Among the questions which were raised in the form of a praejudicium were whether a man was free or not (Inst. loc. cit.), or a libertus or not (Gaius, 4.44; Dig. 2, 4, 8, 1): whether he was the child of So-and-so (Dig. 25, 3, 3, 2): whether he had given to the sureties he was taking for such and such a debt the information required by the Lex Cicereia (Gaius, 3.123): what was the amount of So-and-so's dos, &c. Some praejudiciales actiones belonged to the civil law, though Justinian says, in the paragraph already referred to, that perhaps the only one in his time which had a legitima cause was that in which a man's freedom was in question, and which we know (from Dig. 1, 2, 2, 24) was older than the Twelve Tables: the rest, according to him, were praetorian in origin.

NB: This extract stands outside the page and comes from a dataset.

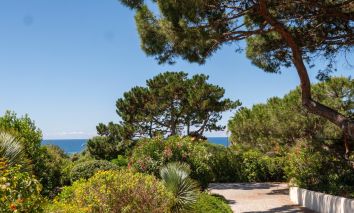 villa 7 Pièces en vente sur AJACCIO (20000)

The pronuntiatio of the judge in a prejudicial action was binding on, and conclusive against, not merely the person who in it played the rôle of defendant, but on all persons generally (Dig. 1, 5, 25; 25, 3, 2, 3, pr.): but (at any rate in those relating to status) the decision could be disputed by any one within five years on the ground of collusion (Dig. 40, 16), and by persons actually wronged by it at even a longer interval of time (Dig. 40, 12, 42).

The reason why praejudicium is sometimes opposed to actio is probably that sometimes the term was used in the sense of a defence, the defendant pleading that the suit ought not to be proceeded with because its decision would prejudge a more important cause. Such a plea was originally expressed in the form of a PRAESCRIPTIO (pro reo), but later was formulated as an exceptio (Gaius, 4.133). Examples may be found in the allegation that a single judex is trying a suit which ought to go before the centumviri (Cod. 3, 31, 12, pr.), or recuperatores trying a matter which ought to be made the subject of a criminal prosecution (Cic. de Invent. 2.2. 0, 59; in Verr. 3.65, 152; Dig. 47, 10, 7, 1): cf, also Plin. Ep. 7.6. This seems to be the signification of the term praejudicium from which has arisen our own legal phrase “without prejudice to other matters in the cause.” (Gaius, 3.123, 4.44; Paul. Sent. rec. 5.9, 1;--Dig. 22, 3, 8; 43, 30;--Inst. 4.6, 13; and Theophilus, Paraphr.